I was building a digital hymnal app — lyrics for hundreds of songs, search, setlist management, the works. But something was missing. Musicians don’t just want lyrics. They want sheet music. The problem: there’s no convenient API for hymn notation. What does exist? Thousands of MIDI files scattered across public collections. So I built a pipeline to convert them.
The Pipeline at a Glance
The process breaks into four steps: collect MIDI files from public hymn archives, convert them to ABC notation (a text-based music format), fuzzy-match converted titles against the hymnal database, and render the notation as interactive sheet music in the browser.
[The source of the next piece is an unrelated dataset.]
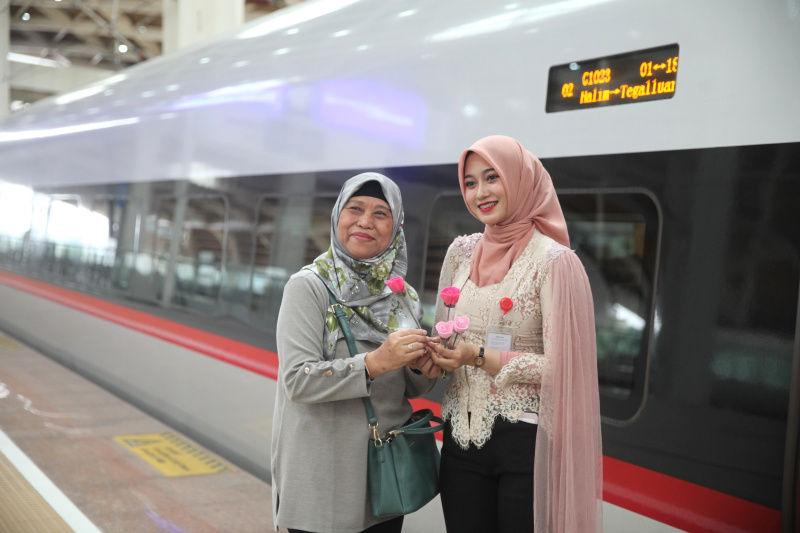 Petugas Kereta Cepat Whoosh sedang membagikan bunga untuk para penumpang whoosh dalam memperingati Hari Kartini (Ashar/SinPo.id)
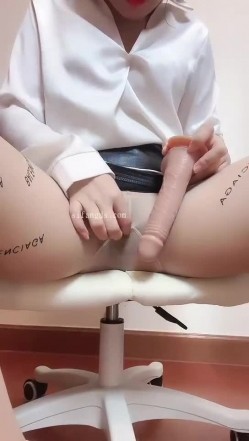 快手丝足熟女【辣菇凉三姐】双女诱惑露脸发骚勾引粉丝，各种服装尽饱眼福 截图4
Each step had its own challenges, but the trickiest part wasn’t the conversion — it was matching filenames like "It is well with my soul (VILLE DU HAVRE).mid" to database entries that might be stored as "It Is Well With My Soul" or "It Is Well".
MIDI to ABC Conversion
ABC notation is a text-based format for music. A melody that would take kilobytes in MIDI or megabytes in MusicXML fits in a few hundred characters of plain text. It’s perfect for storing in a database column and rendering in the browser.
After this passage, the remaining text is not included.